ただし、割り込み処理や他の処理負荷によってタイミングが変動する場合があります。

精度が重要な用途では、ソフトウェアでピンを切り替える方法よりも、ハードウェアPWM機能を使うほうが安定しやすいでしょう。

設定値を変更した後は、計算上の値だけで満足せず、実際の出力波形を測定して確認することをおすすめします。

設定値と実測値が一致しているかの確認は、制御品質を高める基本です。

安全性と負荷への配慮

パルス幅を変えると、負荷に与える平均電力や発熱量が変わります。

モーター、ソレノイド、ヒーター、LEDなどでは、長いオン時間が部品の温度上昇につながることがあります。

データシートに示された定格電流や許容損失を超えないよう、デューティ比と周波数を含めて検討する必要があります。

誘導性の負荷をPWMで駆動する場合は、スイッチをオフにしたときの逆起電圧にも注意が必要です。

保護用のダイオードや適切なドライバー回路を用いることで、スイッチング素子への負担を抑えられます。

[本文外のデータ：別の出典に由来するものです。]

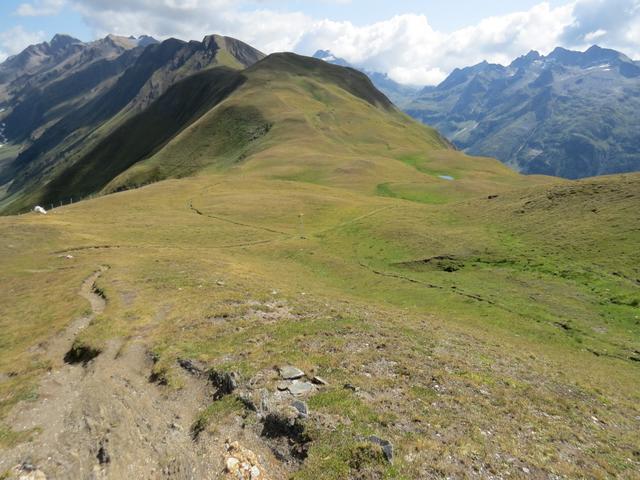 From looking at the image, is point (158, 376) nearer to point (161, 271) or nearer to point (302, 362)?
point (302, 362)

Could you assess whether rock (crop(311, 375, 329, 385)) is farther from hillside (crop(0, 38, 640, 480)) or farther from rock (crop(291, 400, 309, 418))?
rock (crop(291, 400, 309, 418))

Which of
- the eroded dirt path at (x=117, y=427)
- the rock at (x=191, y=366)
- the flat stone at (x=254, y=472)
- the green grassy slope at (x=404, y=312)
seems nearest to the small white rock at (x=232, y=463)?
the eroded dirt path at (x=117, y=427)

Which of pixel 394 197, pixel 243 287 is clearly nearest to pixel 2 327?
pixel 243 287

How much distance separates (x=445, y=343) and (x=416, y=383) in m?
8.49

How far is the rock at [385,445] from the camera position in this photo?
15150 mm

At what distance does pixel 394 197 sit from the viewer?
10844 centimetres

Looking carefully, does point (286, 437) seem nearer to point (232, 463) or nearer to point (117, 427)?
point (232, 463)

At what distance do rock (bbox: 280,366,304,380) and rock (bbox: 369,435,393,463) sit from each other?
5880 millimetres

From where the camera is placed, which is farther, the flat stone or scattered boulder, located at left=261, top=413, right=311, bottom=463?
scattered boulder, located at left=261, top=413, right=311, bottom=463

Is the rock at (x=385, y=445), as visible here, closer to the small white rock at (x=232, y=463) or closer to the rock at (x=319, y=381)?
the rock at (x=319, y=381)

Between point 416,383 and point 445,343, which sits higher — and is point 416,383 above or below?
above

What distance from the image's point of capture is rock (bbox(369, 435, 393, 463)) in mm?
15150

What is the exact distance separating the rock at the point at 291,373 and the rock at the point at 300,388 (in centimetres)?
54

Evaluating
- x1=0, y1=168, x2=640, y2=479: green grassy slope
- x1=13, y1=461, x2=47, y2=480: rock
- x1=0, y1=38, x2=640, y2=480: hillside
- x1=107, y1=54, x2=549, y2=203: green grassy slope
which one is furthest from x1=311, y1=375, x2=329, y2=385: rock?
x1=107, y1=54, x2=549, y2=203: green grassy slope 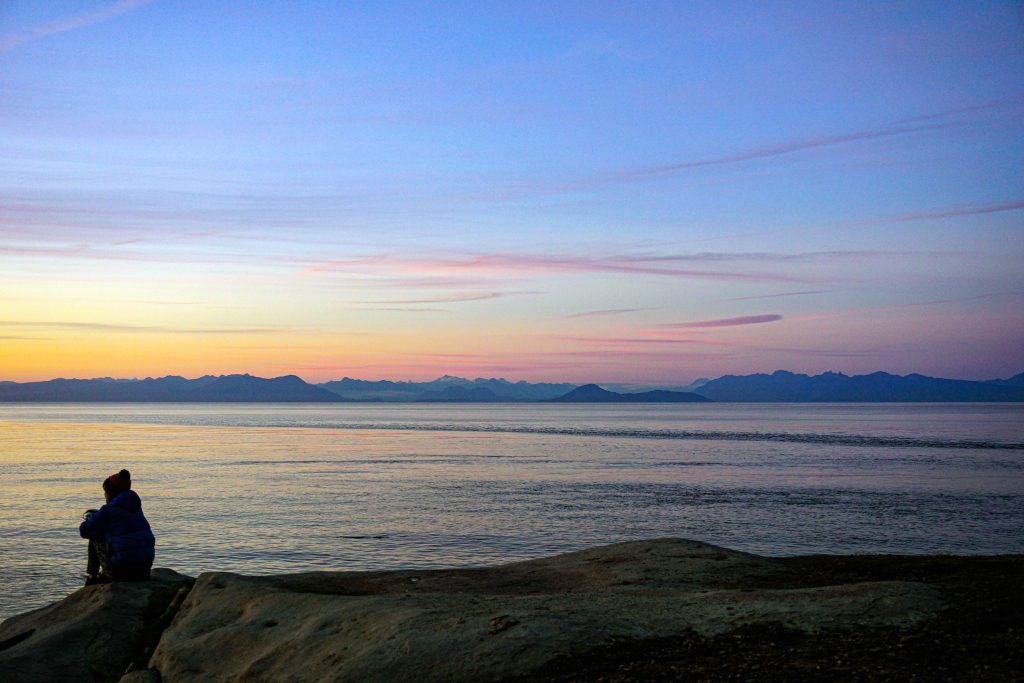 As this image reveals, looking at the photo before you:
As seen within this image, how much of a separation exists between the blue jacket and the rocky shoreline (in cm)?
56

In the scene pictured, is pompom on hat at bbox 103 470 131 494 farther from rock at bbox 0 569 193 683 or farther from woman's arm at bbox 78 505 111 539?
rock at bbox 0 569 193 683

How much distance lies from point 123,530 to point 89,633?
6.07ft

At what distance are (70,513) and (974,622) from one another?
3165cm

装置の安全性を確保するためには、異常時に出力を停止する条件も考慮しましょう。

パルス幅の制御は便利ですが、電気的な余裕と保護回路を含めた設計が欠かせません。

パルス幅の理解に役立つまとめ

パルス幅とは、パルス信号がハイレベルに保たれている時間の長さです。

単位には秒、ミリ秒、マイクロ秒、ナノ秒などが使われ、用途により必要な精度が異なります。

パルス周期は信号の繰り返し全体の時間であり、周波数はその繰り返し回数、デューティ比は周期に占めるパルス幅の割合を表します。

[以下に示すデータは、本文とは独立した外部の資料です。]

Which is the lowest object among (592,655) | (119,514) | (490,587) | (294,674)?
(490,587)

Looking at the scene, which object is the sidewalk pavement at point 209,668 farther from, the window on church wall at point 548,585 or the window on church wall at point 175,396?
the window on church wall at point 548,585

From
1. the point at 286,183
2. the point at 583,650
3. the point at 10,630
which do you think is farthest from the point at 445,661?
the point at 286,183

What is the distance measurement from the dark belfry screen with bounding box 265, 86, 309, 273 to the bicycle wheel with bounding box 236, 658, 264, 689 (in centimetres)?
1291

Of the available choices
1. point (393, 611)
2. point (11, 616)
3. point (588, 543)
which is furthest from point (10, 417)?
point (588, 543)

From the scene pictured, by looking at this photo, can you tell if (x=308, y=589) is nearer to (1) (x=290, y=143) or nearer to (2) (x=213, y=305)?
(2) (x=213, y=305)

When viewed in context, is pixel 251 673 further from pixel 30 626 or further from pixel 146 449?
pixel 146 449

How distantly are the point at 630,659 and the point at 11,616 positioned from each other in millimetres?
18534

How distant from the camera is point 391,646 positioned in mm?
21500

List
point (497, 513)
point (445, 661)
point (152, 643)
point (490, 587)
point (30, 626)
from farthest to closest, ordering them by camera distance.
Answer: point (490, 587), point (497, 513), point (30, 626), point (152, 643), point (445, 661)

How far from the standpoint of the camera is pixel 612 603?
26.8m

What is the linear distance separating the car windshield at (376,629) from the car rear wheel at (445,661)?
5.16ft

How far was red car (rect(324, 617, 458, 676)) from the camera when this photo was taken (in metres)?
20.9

パルス幅、周期、周波数、デューティ比をセットで理解することが、信号処理の基礎につながります。

PWM制御ではパルス幅を変えることで、LEDの明るさ、モーターの回転、ヒーターの出力などを調整できます。

測定時にはオシロスコープを活用し、基準電圧、プローブ接続、ノイズ、ジッタにも注意しましょう。

仕様書の最小パルス幅や許容条件を確認し、実測値と照らし合わせながら設計することが、安定した回路動作への近道です。